Work required - Retype every line from the start of the data down to and including the line with "Porto Pino - Stagni". Skip the pictures.

Captioned web image data:
• • • • • • •

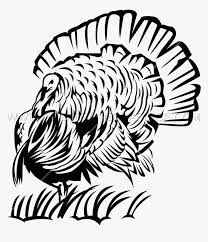 Maybe you would like to learn more about one of these? Turkey Drawing Cooked A Body Food Cute Books Turkey Head Pics Drawing Hd Png Download Kindpng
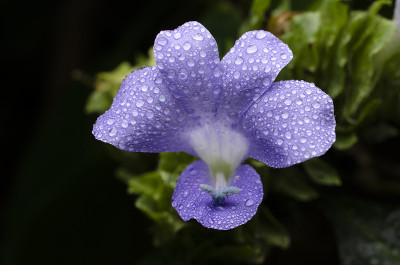 菲律宾紫罗兰花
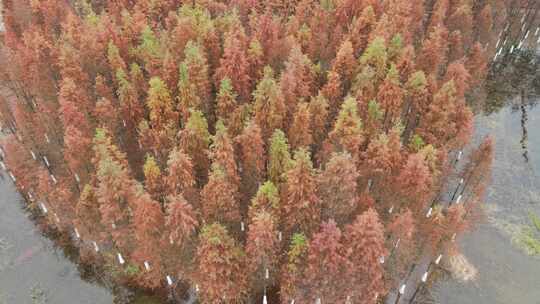 航拍长沙松雅湖公园秋天红色水杉林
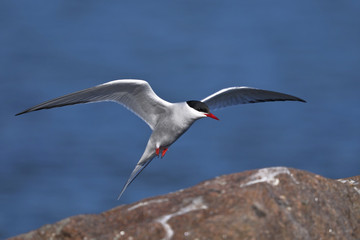 arctic tern portrait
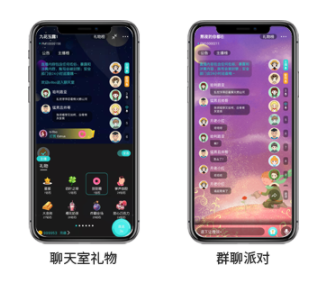 语音社交聊天软件源码，语音聊天APP源码开发出售
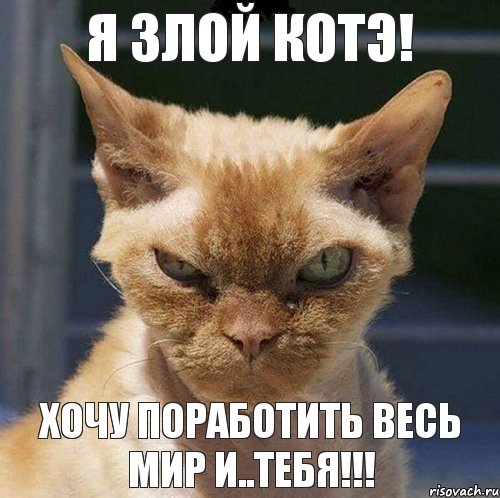 Я злой котэ! Хочу ПОРАБОТИТЬ весь мир и..ТЕБЯ!!!, Комикс  злой кот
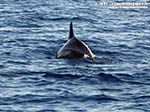Porto Pino - Stagni - Agosto 2014,delfino presso la Punta di Cala Piombo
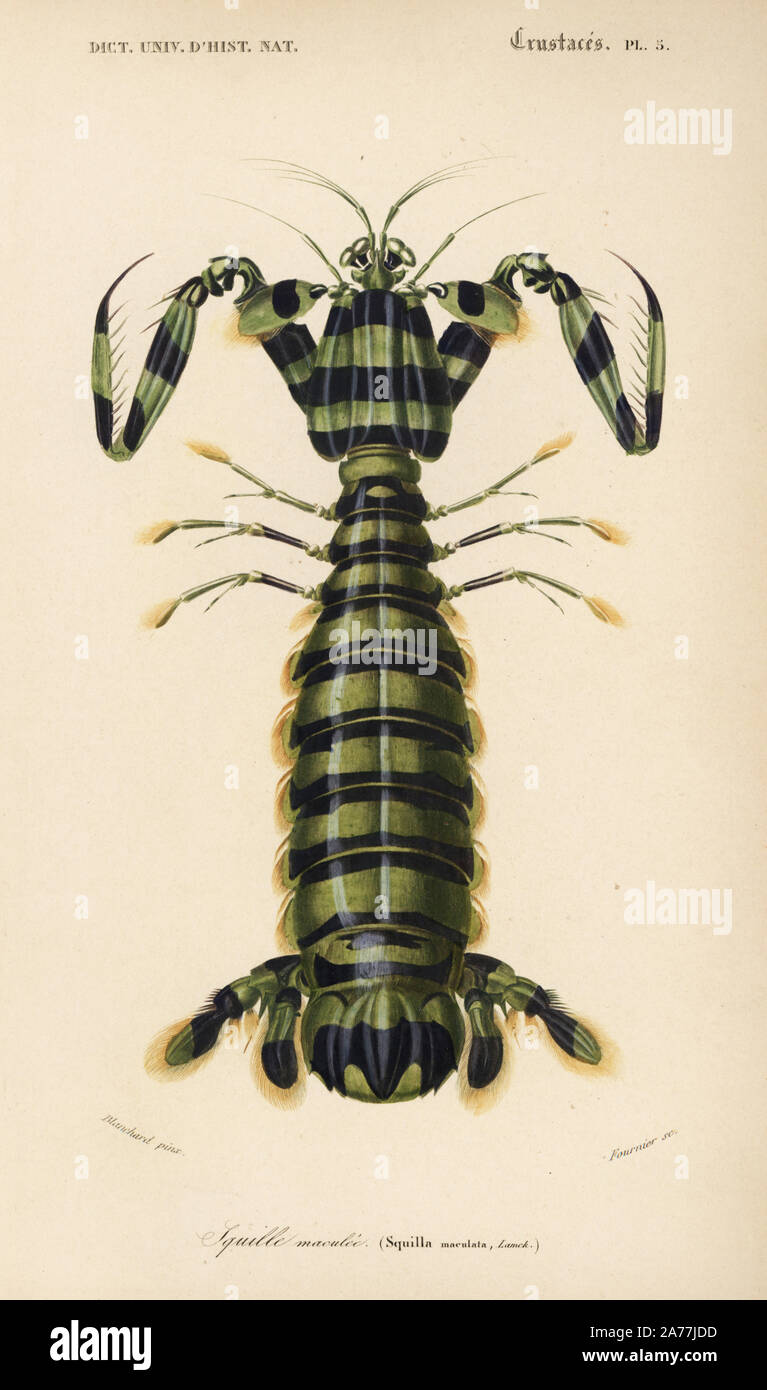 Spearer mantis shrimp, Lysiosquillina maculata (Squilla maculata). Handcolored engraving by Fournier after an illustration by Blanchard from Charles d'Orbigny's 'Dictionnaire Universel d'Histoire Naturelle' (Universal Dictionary of Natural History), Paris, 1849. Stock Photo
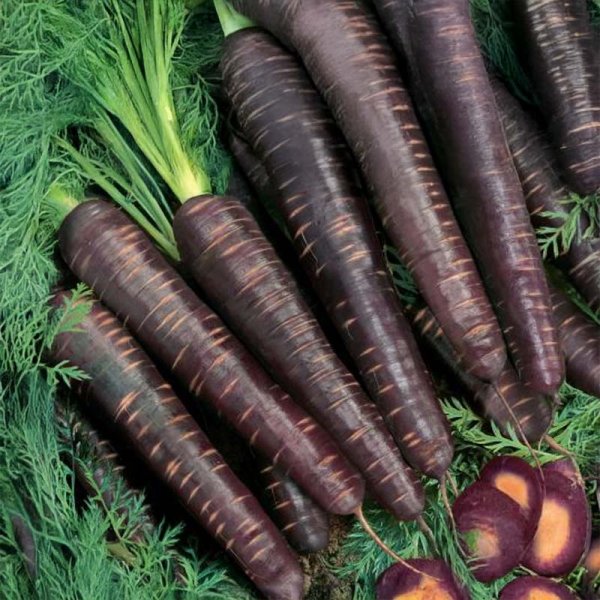 Sommermöhre 'Purple Haze' F1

• • • • • • •

Solution to this task -
 Maybe you would like to learn more about one of these? Turkey Drawing Cooked A Body Food Cute Books Turkey Head Pics Drawing Hd Png Download Kindpng
 菲律宾紫罗兰花
 航拍长沙松雅湖公园秋天红色水杉林
 arctic tern portrait
 语音社交聊天软件源码，语音聊天APP源码开发出售
 Я злой котэ! Хочу ПОРАБОТИТЬ весь мир и..ТЕБЯ!!!, Комикс  злой кот
Porto Pino - Stagni - Agosto 2014,delfino presso la Punta di Cala Piombo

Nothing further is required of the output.